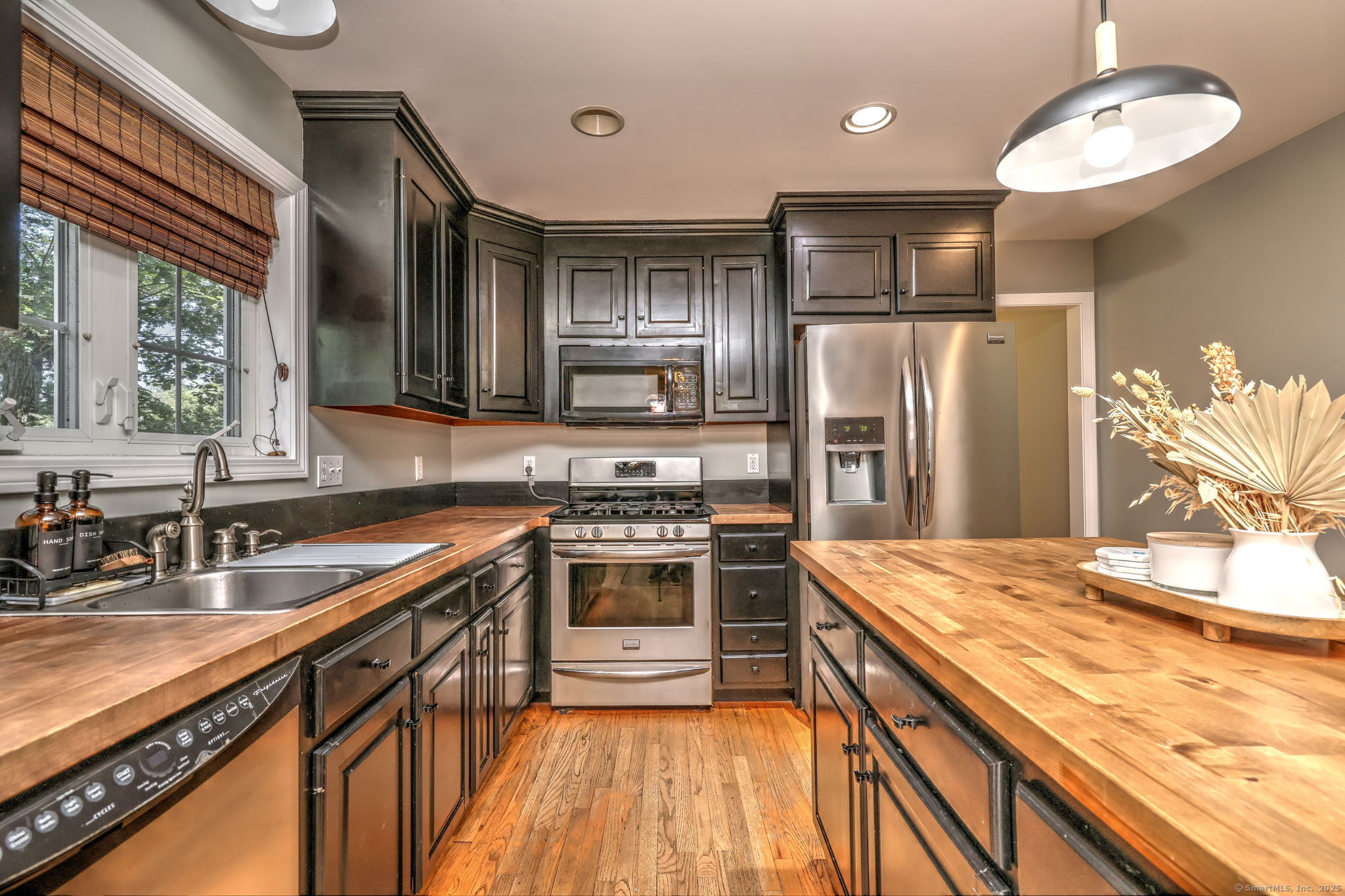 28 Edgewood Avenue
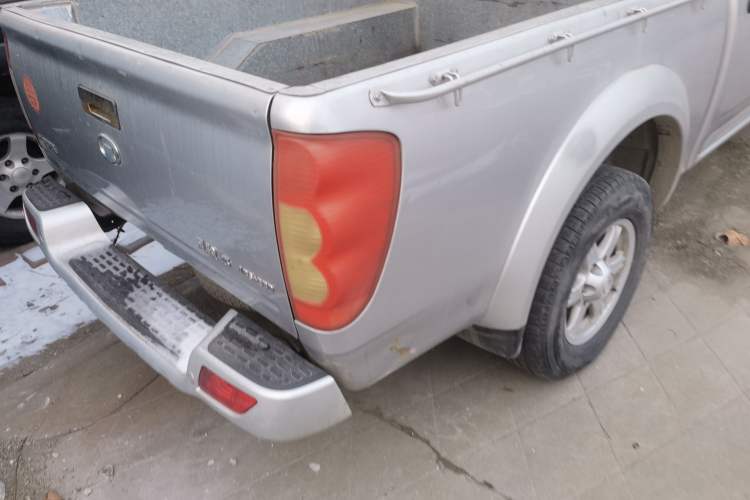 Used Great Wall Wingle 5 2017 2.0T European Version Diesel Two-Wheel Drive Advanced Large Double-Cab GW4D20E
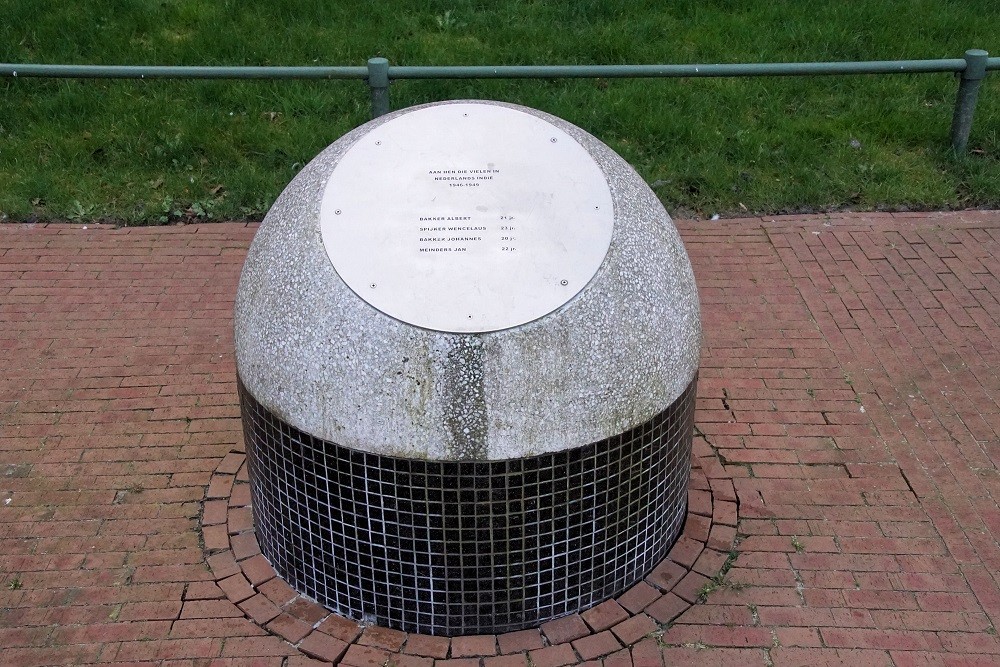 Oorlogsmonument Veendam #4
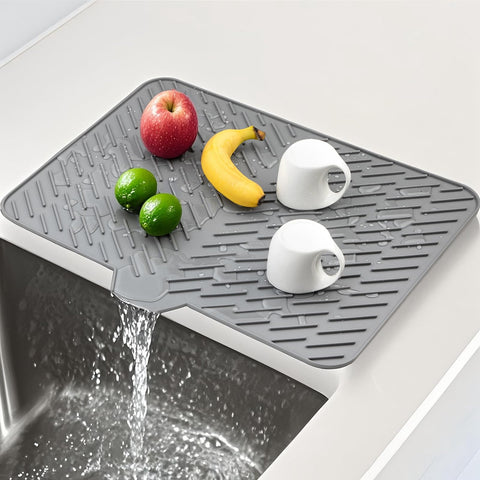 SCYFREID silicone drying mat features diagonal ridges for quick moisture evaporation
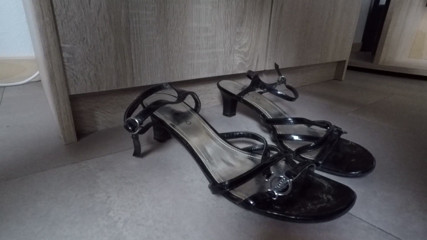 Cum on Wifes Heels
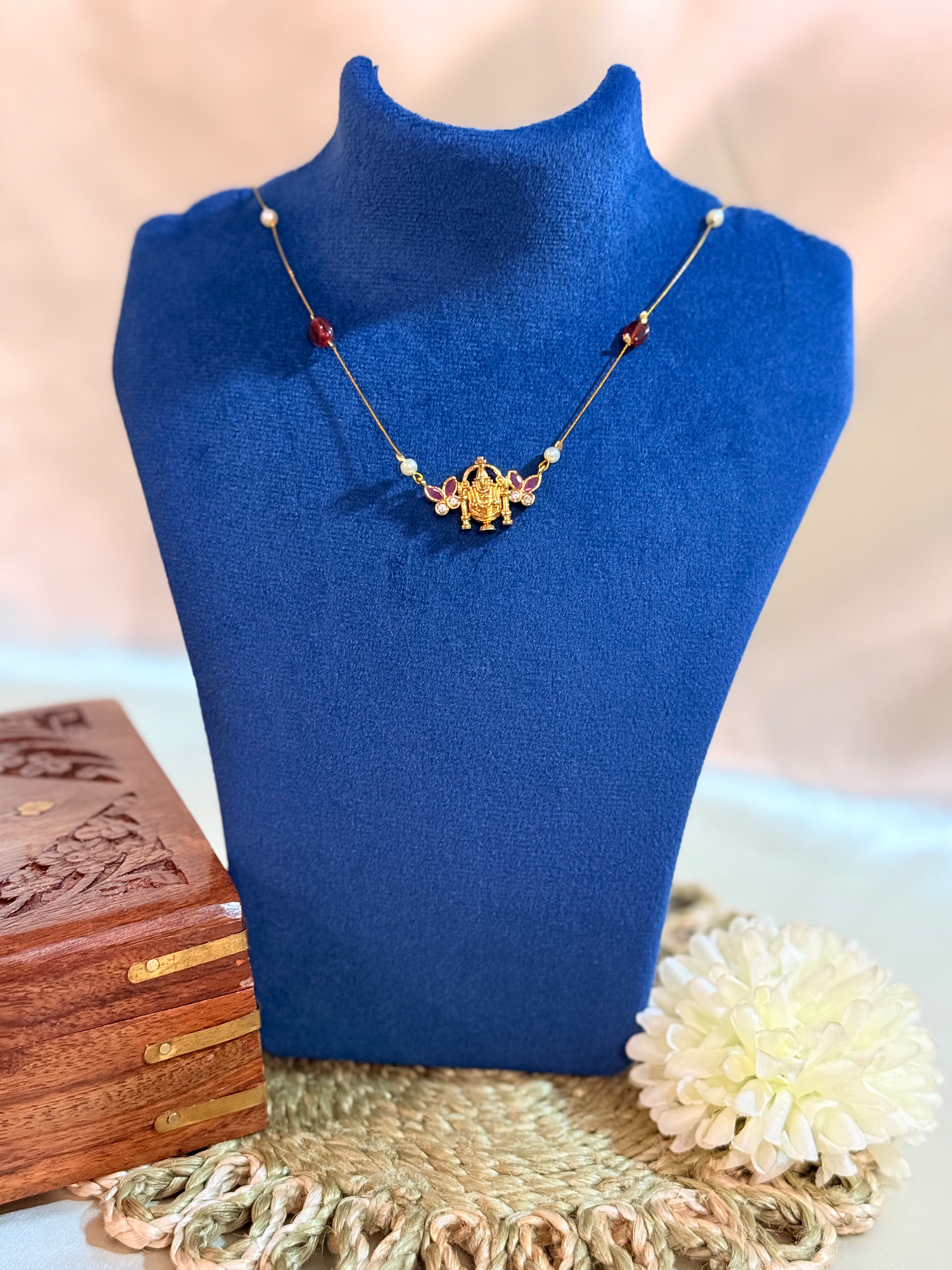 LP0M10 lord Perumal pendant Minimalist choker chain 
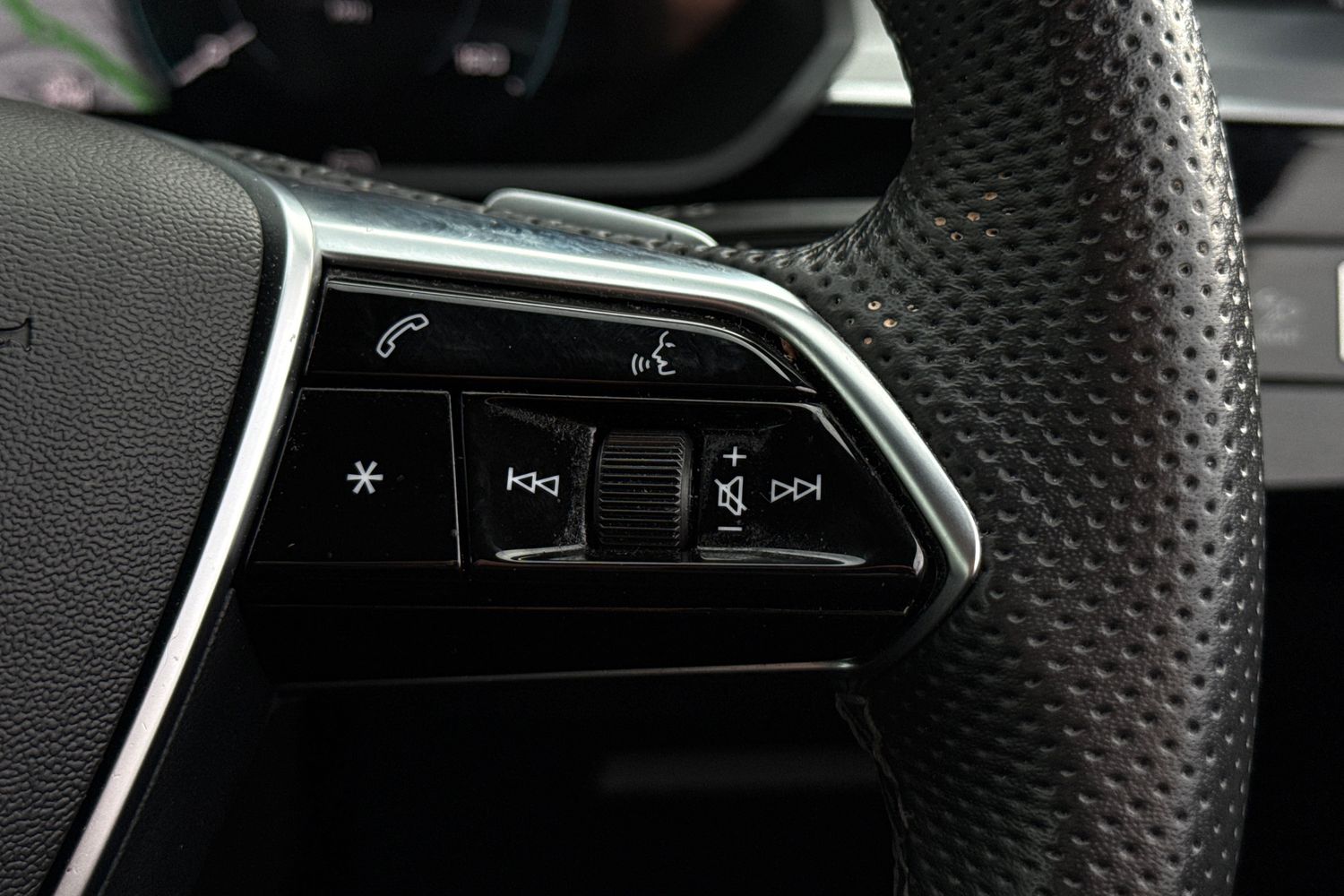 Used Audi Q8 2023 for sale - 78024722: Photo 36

...

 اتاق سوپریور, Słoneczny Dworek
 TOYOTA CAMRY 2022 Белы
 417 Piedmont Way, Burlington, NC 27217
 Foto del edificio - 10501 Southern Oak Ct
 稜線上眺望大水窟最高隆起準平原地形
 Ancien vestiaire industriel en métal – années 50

--

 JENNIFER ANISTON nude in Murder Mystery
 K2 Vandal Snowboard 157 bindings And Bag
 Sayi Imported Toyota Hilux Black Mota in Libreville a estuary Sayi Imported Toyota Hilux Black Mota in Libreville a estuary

▶ [Description of the task]: Write out exactly the lines that fall from the line with "417 Piedmont Way, Burlington, NC 27217" to the line with "Ancien vestiaire industriel" in the records above, keeping both ends.

▶ [Exercise result]:
 417 Piedmont Way, Burlington, NC 27217
 Foto del edificio - 10501 Southern Oak Ct
 稜線上眺望大水窟最高隆起準平原地形
 Ancien vestiaire industriel en métal – années 50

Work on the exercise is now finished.